The Washington Post's Stephen Barr reports that the General Services Administration is planning to cut staffing levels at the Federal Technology Service and the Federal Supply Service by eight percent. The cutbacks are not related to a plan to consolidate the two groups into a single federal acquisition service, according to the agency.
According to a GSA spokesman, the groups have been losing money and that is the reason for the layoffs. The consolidation supposedly reflects the "graying line" between technology vendors and other vendors.
To improve its efficiency and better address industry trends, Bibb said, the GSA's reorganization also would merge its technology fund and its supply service fund. The House has approved the merger, and the Senate is studying the proposal.
However, Barr points out:
Some of the revenue loss at the GSA stems from contracting irregularities that came to light in recent years. Auditors for the GSA inspector general found inappropriate contracting activities, including sole-source contracts, at the Federal Technology Service.

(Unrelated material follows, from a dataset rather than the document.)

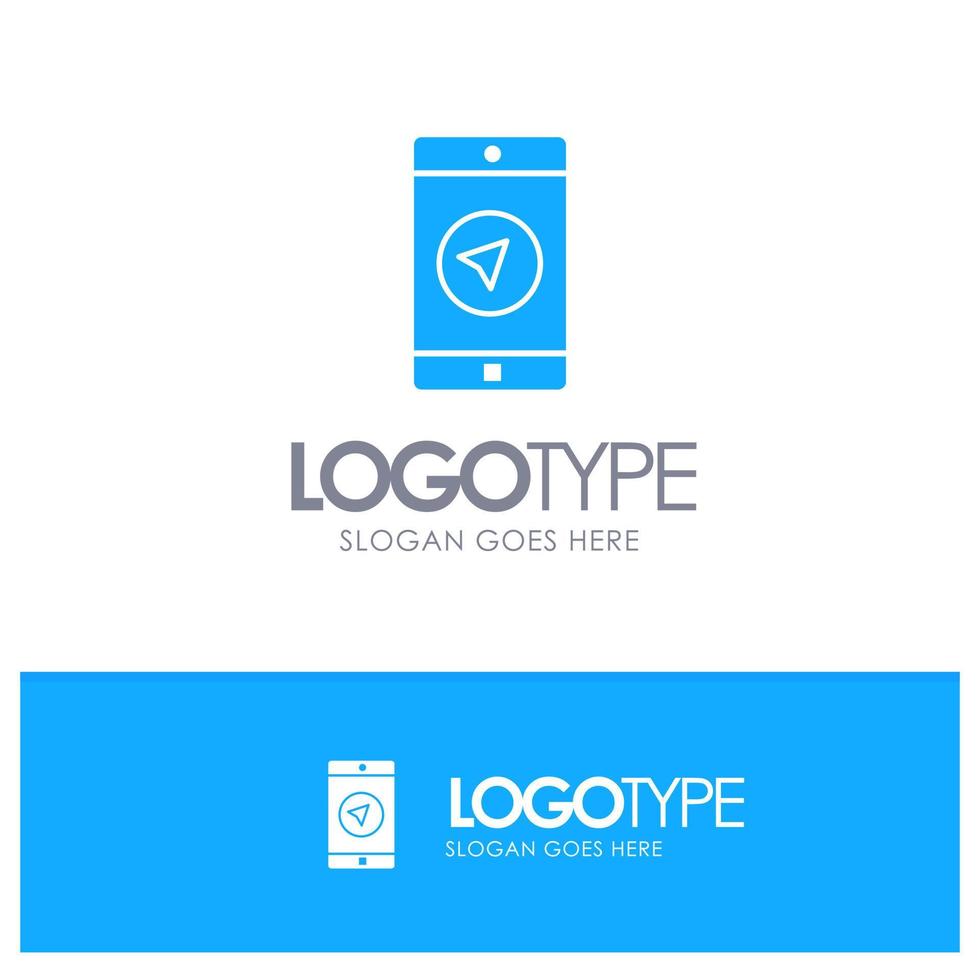 message d'application applications mobiles poniter logo solide bleu avec place pour slogan vecteur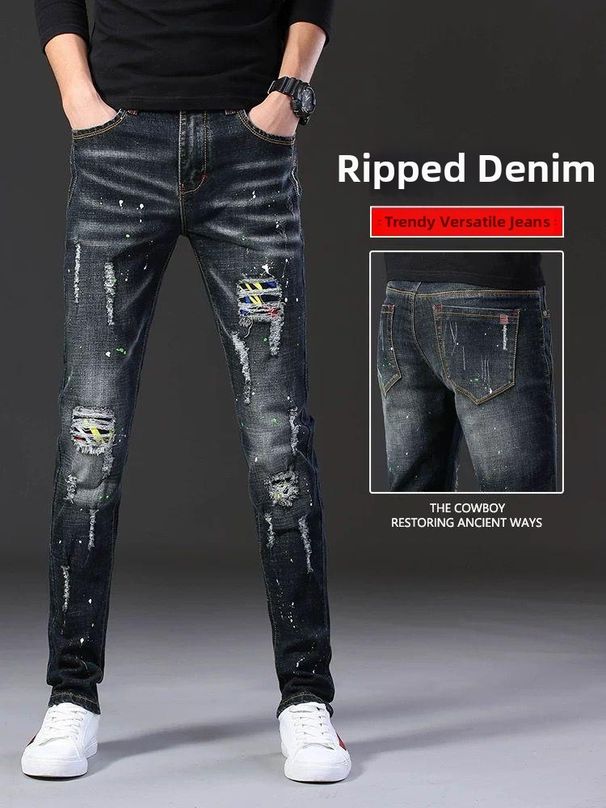 Men's Slim Fit Skinny Jeans Trendy Ripped Stretchy Denim For Spring Autumn Summer New Style Thin Clothing_mkmklike.com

The findings, combined with other reports, attracted congressional scrutiny to see if contracts were being approved without proper competition. At least one committee asked for a review of the GSA's technology service to ensure officials were complying with procurement regulations.

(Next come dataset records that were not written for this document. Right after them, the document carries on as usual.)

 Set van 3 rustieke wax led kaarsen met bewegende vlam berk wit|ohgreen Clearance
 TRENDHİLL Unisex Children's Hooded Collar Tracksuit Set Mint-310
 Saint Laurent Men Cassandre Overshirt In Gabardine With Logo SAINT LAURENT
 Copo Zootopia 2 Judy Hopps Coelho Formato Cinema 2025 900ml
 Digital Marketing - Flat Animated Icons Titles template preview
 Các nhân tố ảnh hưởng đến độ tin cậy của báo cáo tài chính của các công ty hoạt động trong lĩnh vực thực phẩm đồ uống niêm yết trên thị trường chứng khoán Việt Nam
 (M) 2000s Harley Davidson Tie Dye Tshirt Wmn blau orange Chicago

With GSA "slowing down" to stem the pace of single-source contracts and other contracting irregularities, many agencies become frustrated with the slow pace of acquisition and made their buys outside of GSA. Hence the loss in revenue and the layoffs -- and presumably the consolidation of the two acquisition services. Also:
The GSA also has been losing revenue because a number of non-defense agencies have less money to spend on goods and services, Bibb said.